Dividends The group announced a second interim dividend
of 18.38 sen/share in cash with an optional Dividend Reinvestment Plan. The
proposed DRP is within expectation as management has guided for this since the 3Q12
result announcement.
Key Result Highlights
The 4Q12 net interest income saw a moderating
growth rate at +1.2% QoQ and 8.4% YoY to RM1,907.8m. QoQ, the +4.1% loans
growth was strong while the loan-todeposit ratio was lower at 85.4%. The net
interest margin narrowed by 5bps to 3.04 %, contributing to the flat net
interest income growth. That said, the 11.8% YoY loan growth came in within our
forecast of 11% but below the management’s guidance of 13%-14%. The moderating
loans growth number was partly deflated by the IDR/RM depreciation.
The 4Q12 non-interest
income was sluggish at RM1,090.0m (-15.8% QoQ) due to lower investment and treasury
gains and the weaker contribution from its wholesale banking segment PBT of
RM627m, which was down 23.7% from 3Q’s RM822m. The PBT of RM92m from Investment
was also 25.4% lower. The total RM946m in PBT contributed by these two segments
was down by 24% QoQ, partially due to the higher cost from the inclusion of RBS
as well.
The net impaired
ratio was at a historical low of 0.7% with a 82.8% allowance coverage. The
20bps credit charge was below our target of 30bps.
In addition to a
vulnerable top line growth, the higher than expected cost of RM1,966m was lower
by 2.0% QoQ, pressuring further the bottom line. During the quarter, the group
recognised 100% of the RBS franchise earnings which came on board in the 4Q.
The group meanwhile
saw a full year cost-to-income ratio of 56% (slightly above ours of 52%).
The achieved 16.0%
ROE was within our expectations.
Outlook During the briefing to analysts, management
said the potential weaker IB deals in Malaysia in 1H13 due to the political
headwinds despite it maintained mildly positive on the 1H13 outlook which is
seen driven by consumer banking. Meanwhile, the group remained positive on its recent
RBS acquisition, although the main earnings rise would only be kicking in from
2H13 in our view.
Change to Forecasts We have cut our FY13E PAT estimate by 4.4% to RM4,610m
for CIMB as we lowered our non-interest income estimate due to a likely weak
1H13 on slower IB deals due to the political headwinds.
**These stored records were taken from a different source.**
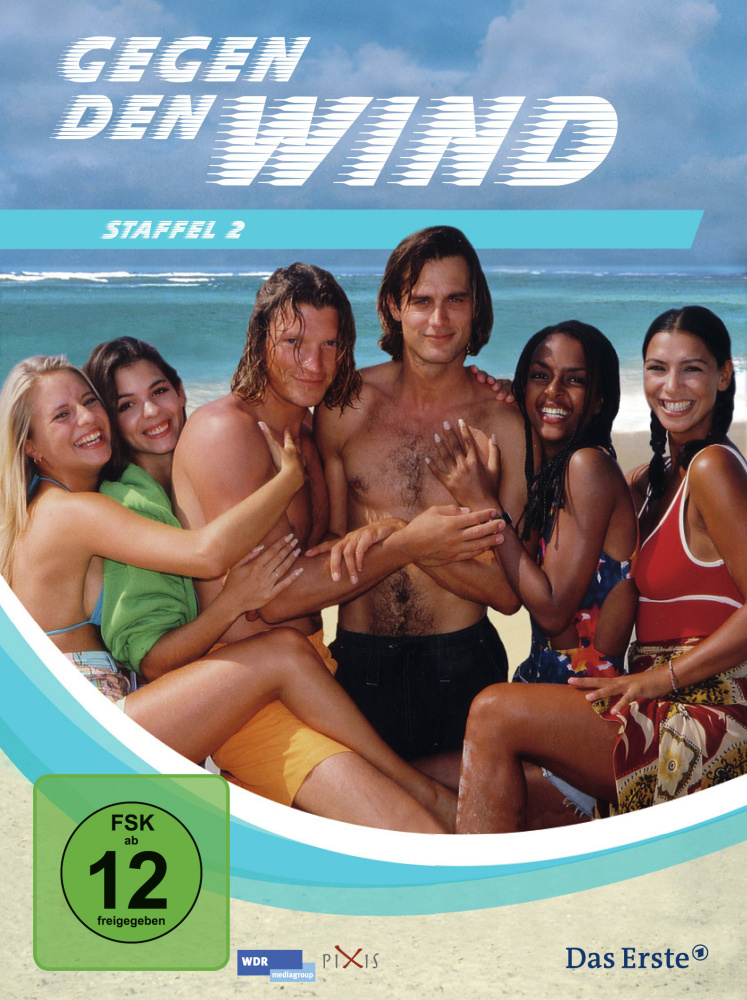 0886972235899 - Helmut Krätzig - GEBRAUCHT Gegen den Wind - Staffel 2 Episoden 16-28 (3 DVDs) - Preis vom 25112023 060605 h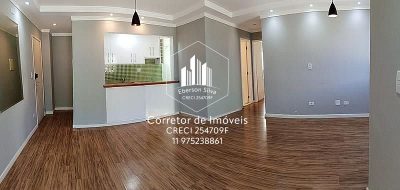 Apartamento, 3 quartos, 69 m² - Foto 1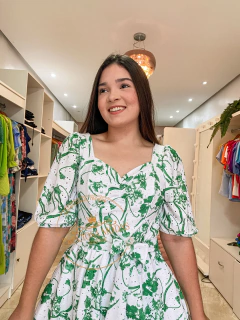 Vestido mileide lese - comprar online
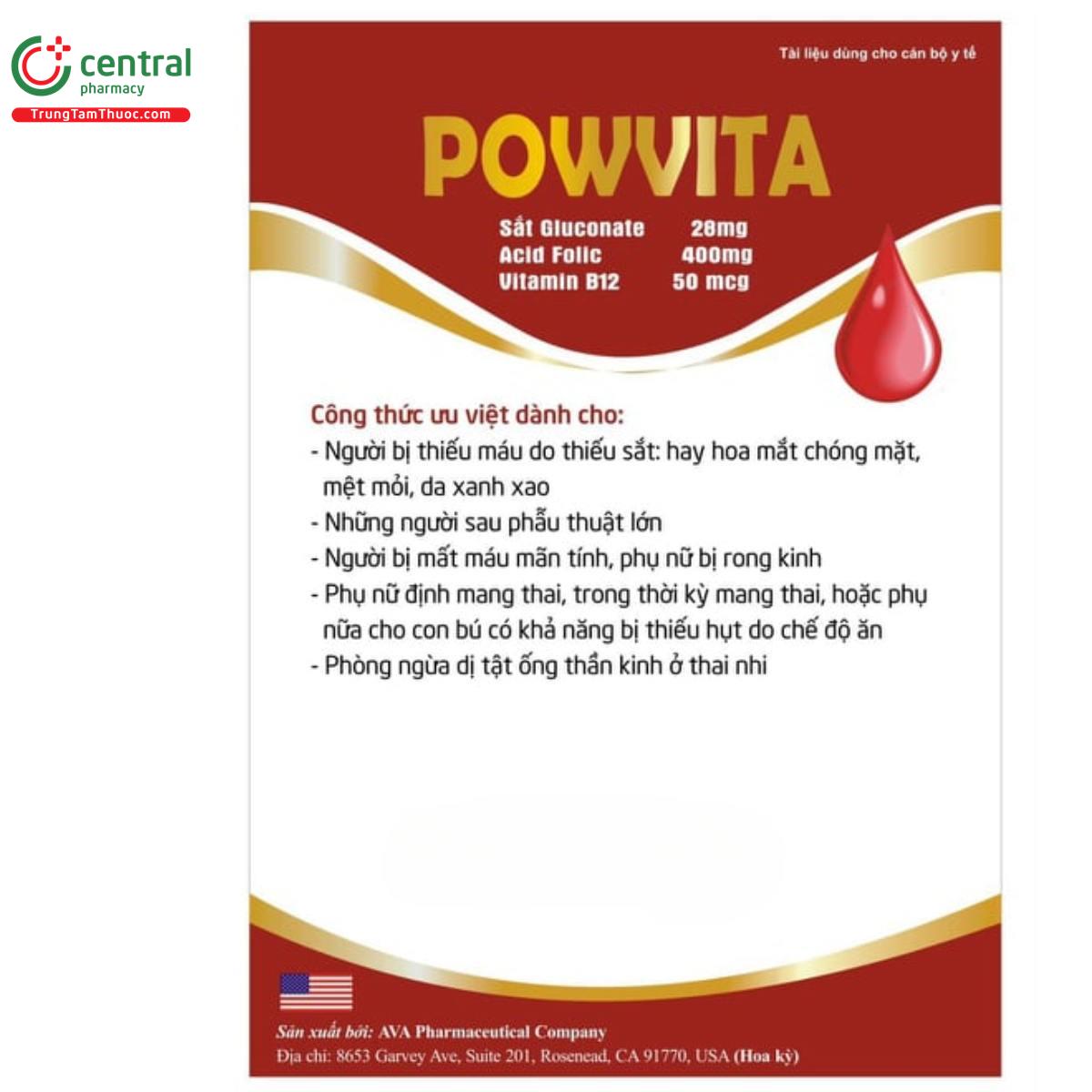 powvita 6 T8136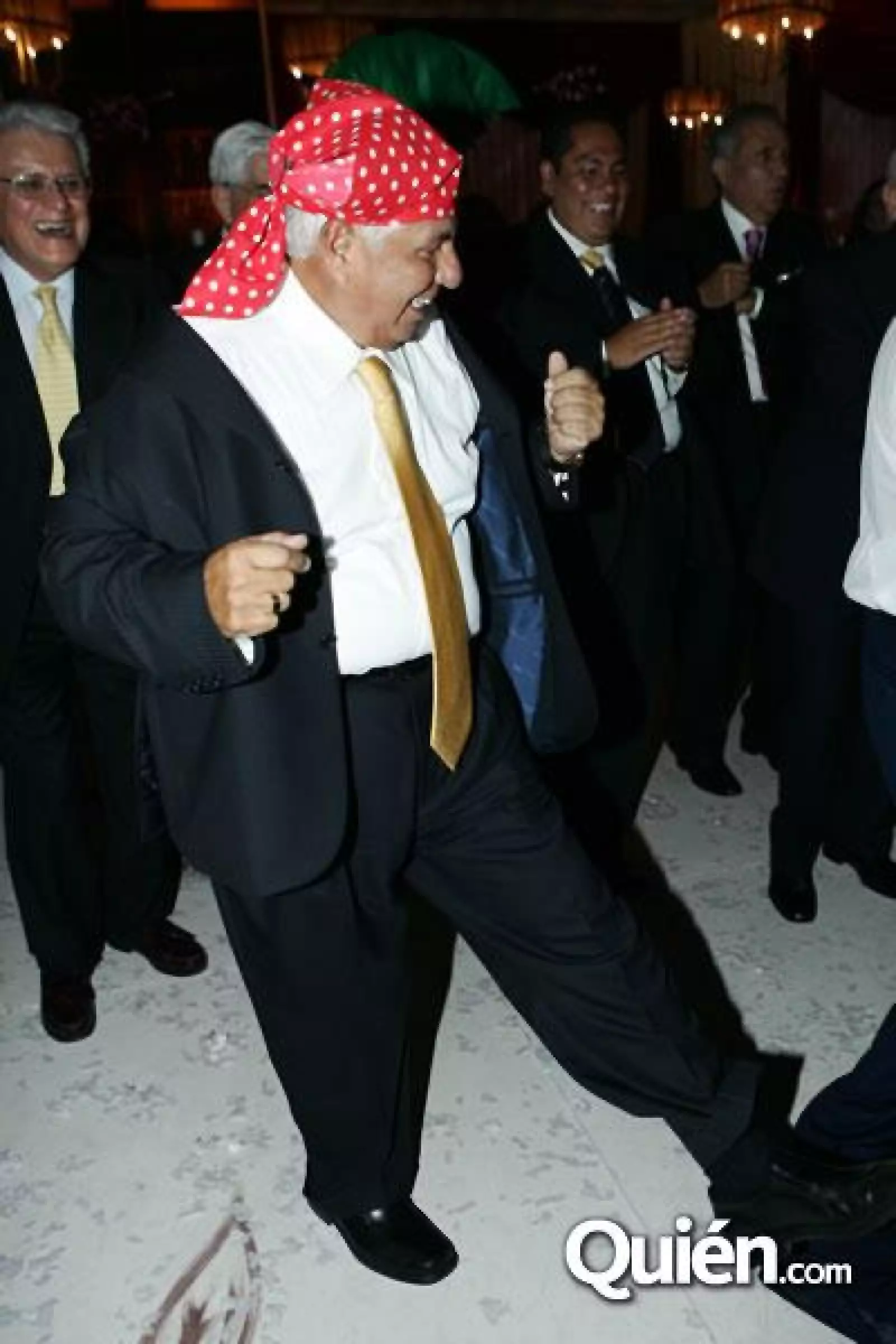 Boda Dionisio, Martha Sánchez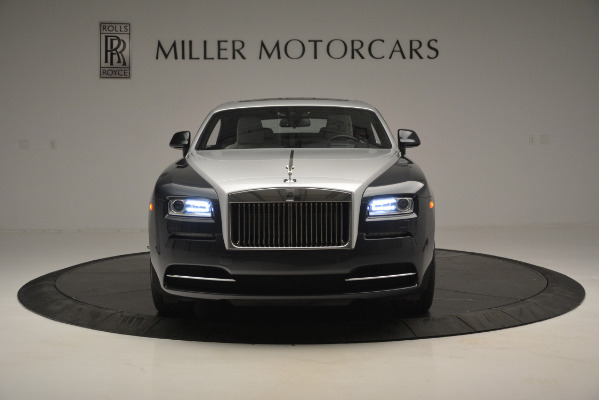 Used 2015 Rolls-Royce Wraith for sale Sold at Rolls-Royce Motor Cars Greenwich in Greenwich CT 06830 8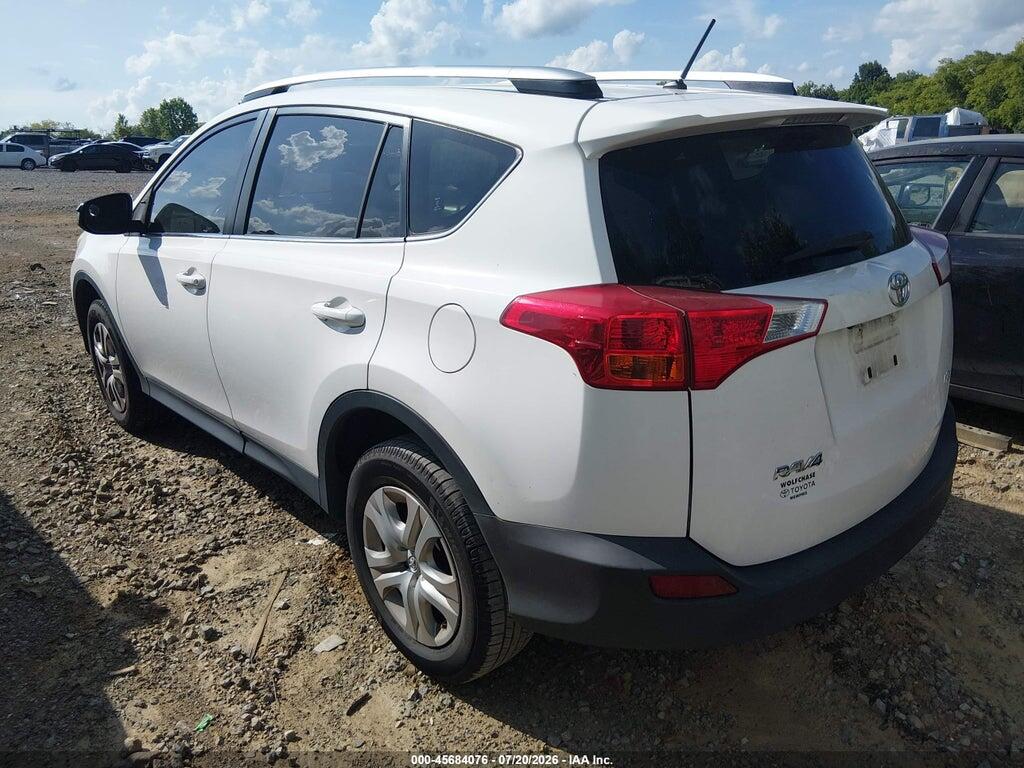 JTMZFREV9D5000487 2013 TOYOTA RAV4 photo no. 3
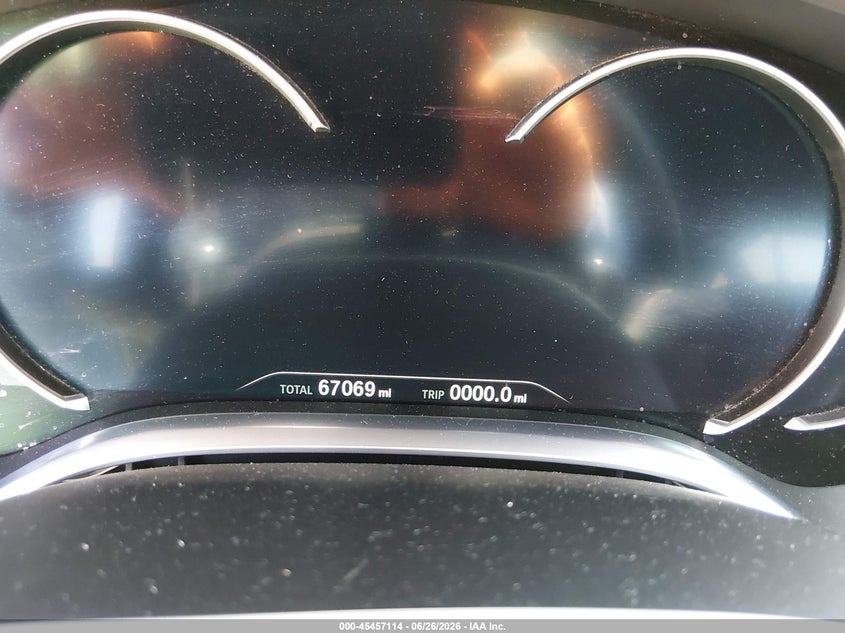 2017 BMW 740I auction photo 7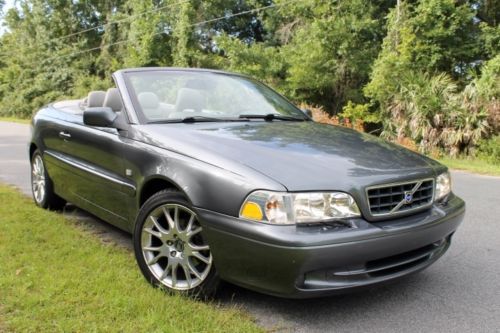 04 c70 ht clean 54k mi clean carfax leather like 05 06 07 03 no reserve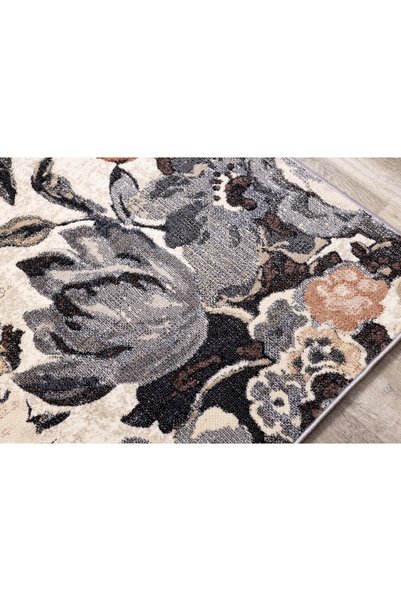 Anny Covor Sufragerie/Dormitor, Model 33011/085, Model Floral, Multicolor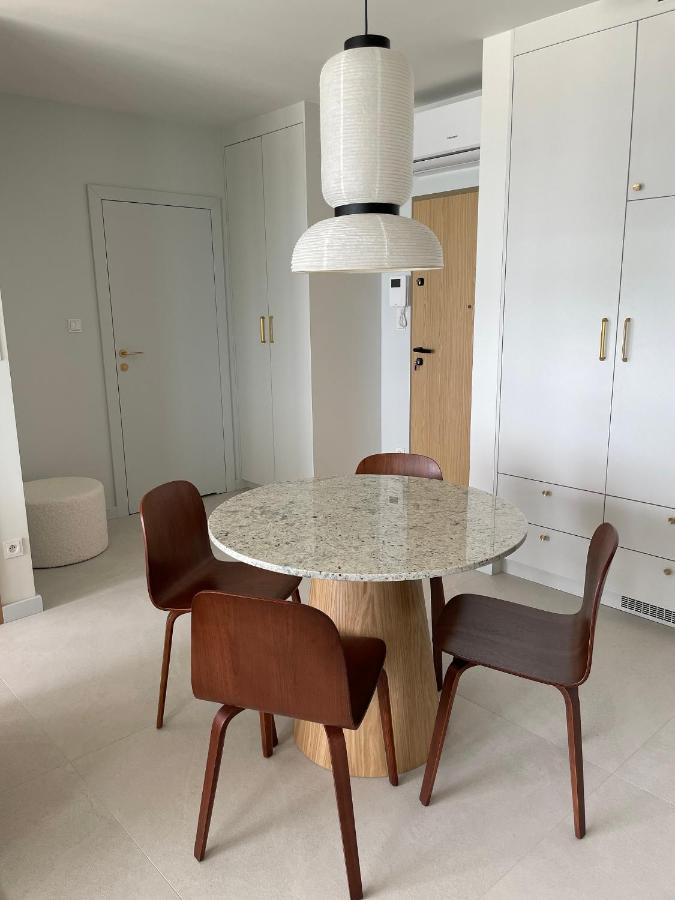 Apartament 36 Na Klifie Z Widokiem Na Morze Adults Only Rewal Esterno foto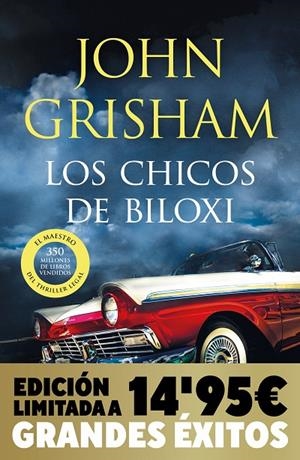 LOS CHICOS DE BILOXI  | 9788466372404 | GRISHAM, JOHN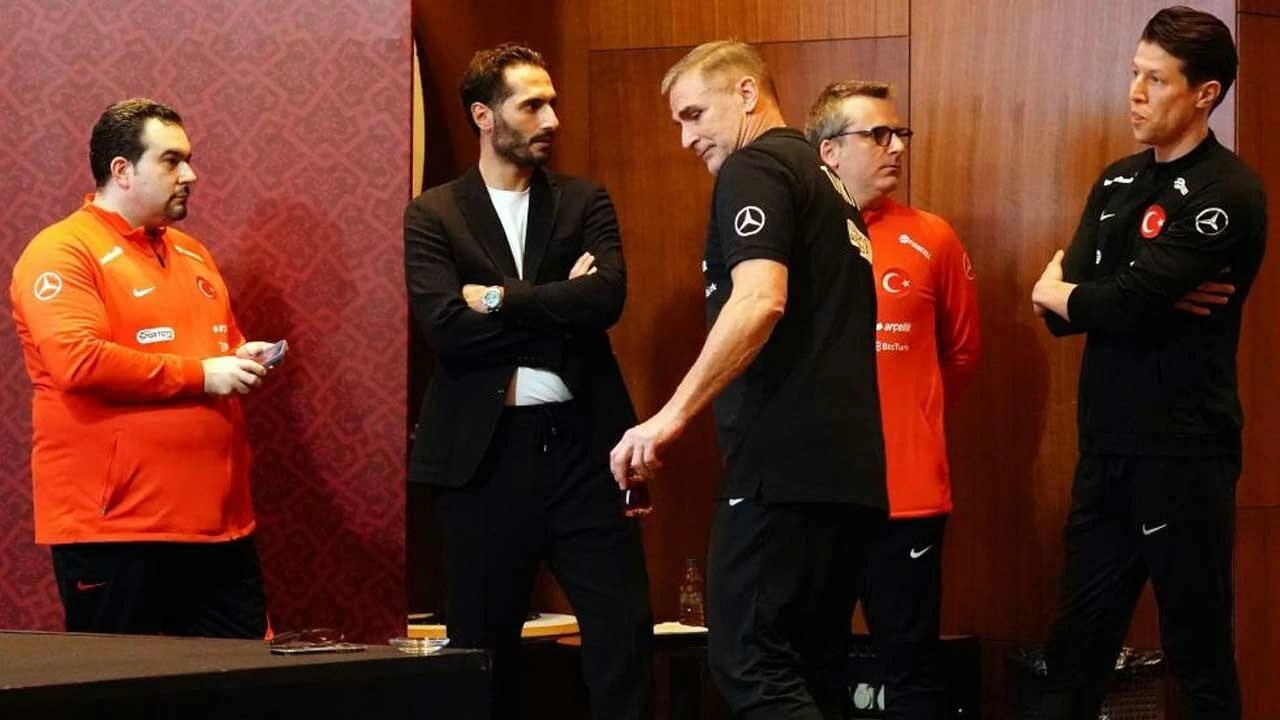 Stefan Kuntz'tan Salih Uçan sözleri: Özür diledi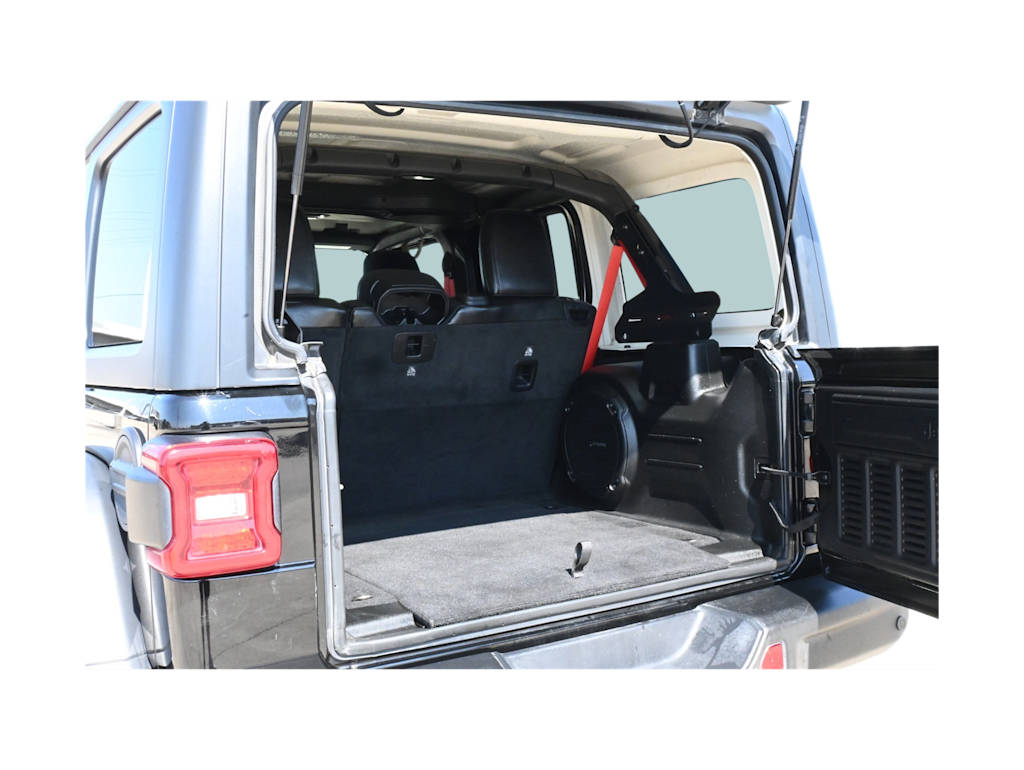 Thumbnail: 2020 Jeep Wrangler - 16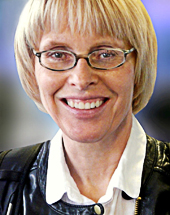 Helga Hopkins Chiropractor Bournemouth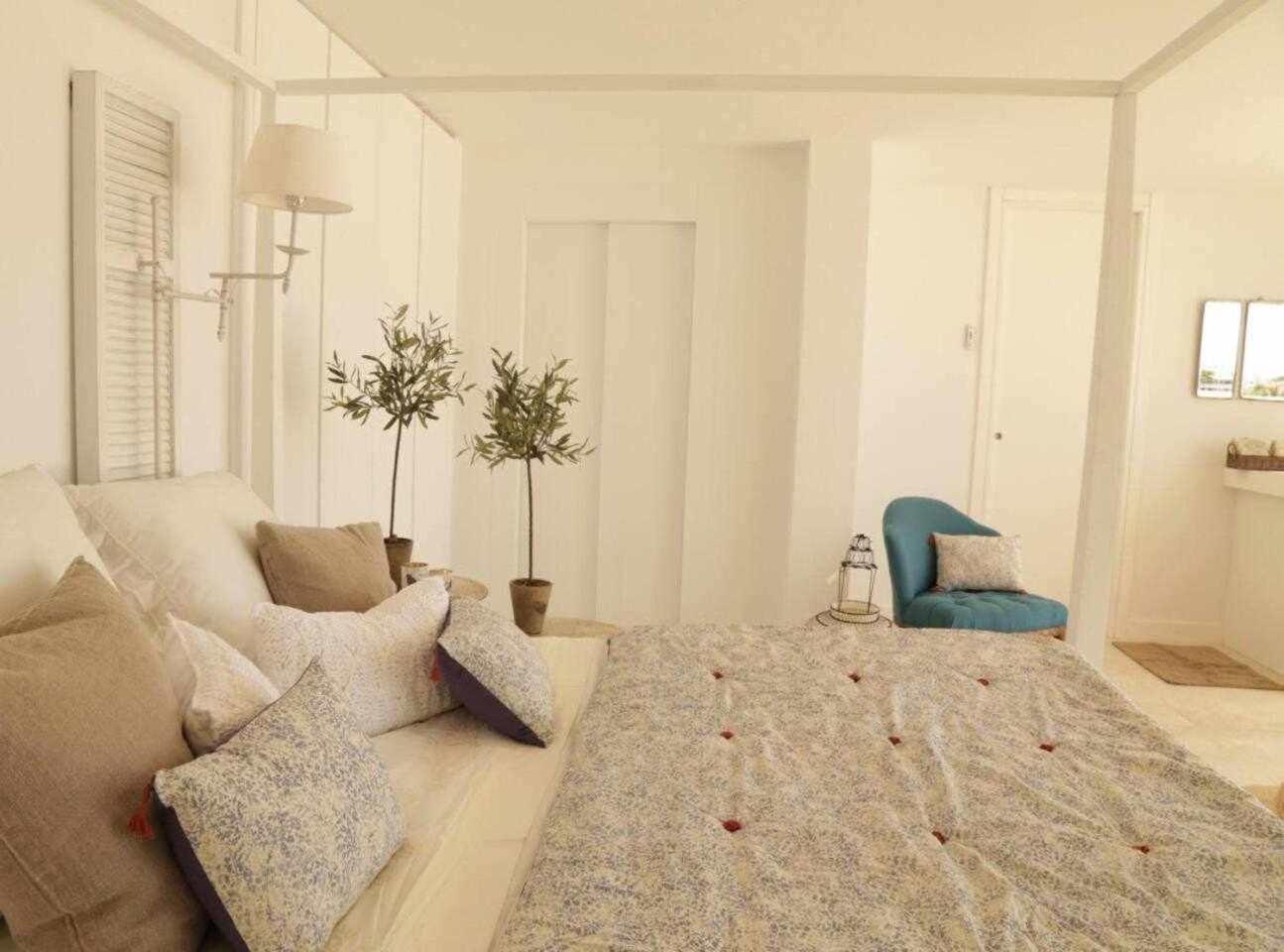 Beachfront Es Turo Lägenhet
Rating Downgraded to MARKET PERFORM
We are downgrading
our rating on CIMB to a MARKET PERFORM due to its higher earnings uncertainty
in 1H2013 and inline with lower earnings estimates as well as a lower targeted
PBV multiple.
Valuation We are lowering our target price to RM7.70,
being at 1.9x the FY13 book value (from a TP of RM8.20 at 2.0x BV).
Risks Tighter lending rules and a margin squeeze.